__Exercise materials__
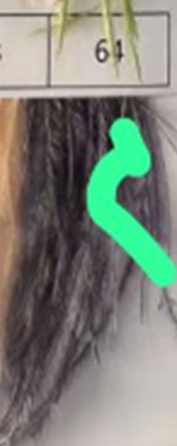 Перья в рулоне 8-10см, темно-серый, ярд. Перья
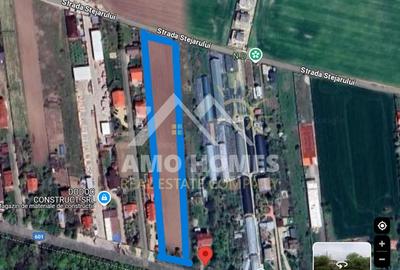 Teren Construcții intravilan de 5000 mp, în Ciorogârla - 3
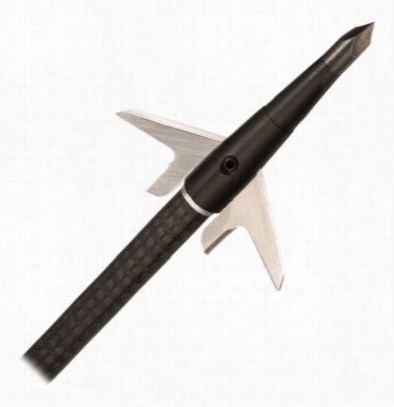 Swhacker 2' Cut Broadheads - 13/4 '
---
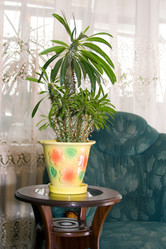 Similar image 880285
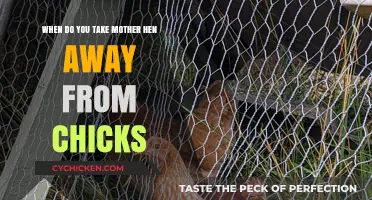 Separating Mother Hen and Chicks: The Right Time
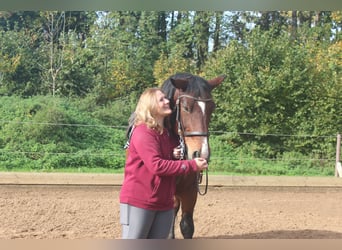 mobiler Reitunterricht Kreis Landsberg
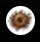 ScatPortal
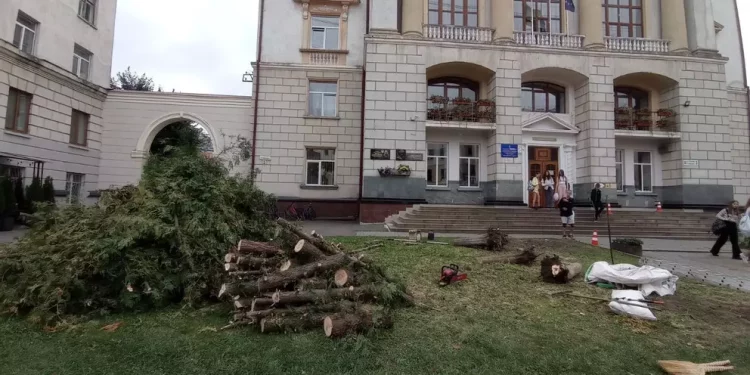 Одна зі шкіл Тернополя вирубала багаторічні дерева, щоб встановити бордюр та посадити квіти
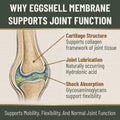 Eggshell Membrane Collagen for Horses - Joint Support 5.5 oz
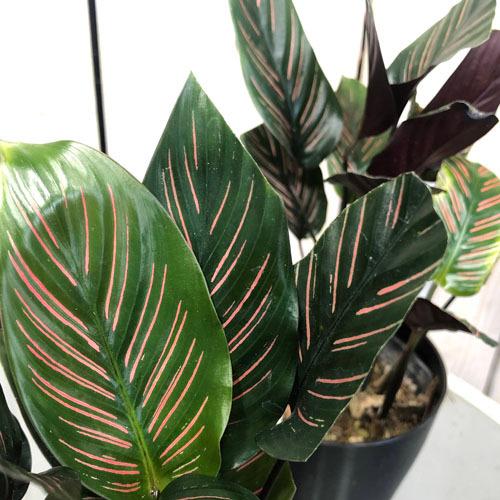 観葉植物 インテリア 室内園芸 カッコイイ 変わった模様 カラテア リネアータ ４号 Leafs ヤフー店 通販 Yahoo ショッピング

__Exercise details__
From the listing above, please give again the lines that begin with the line holding "Teren Construcții intravilan" and go on through the line holding "Swhacker 2' Cut Broadheads - 13/4 '", exactly, both ends included, minus any picture.

__Result for this task__
 Teren Construcții intravilan de 5000 mp, în Ciorogârla - 3
 Swhacker 2' Cut Broadheads - 13/4 '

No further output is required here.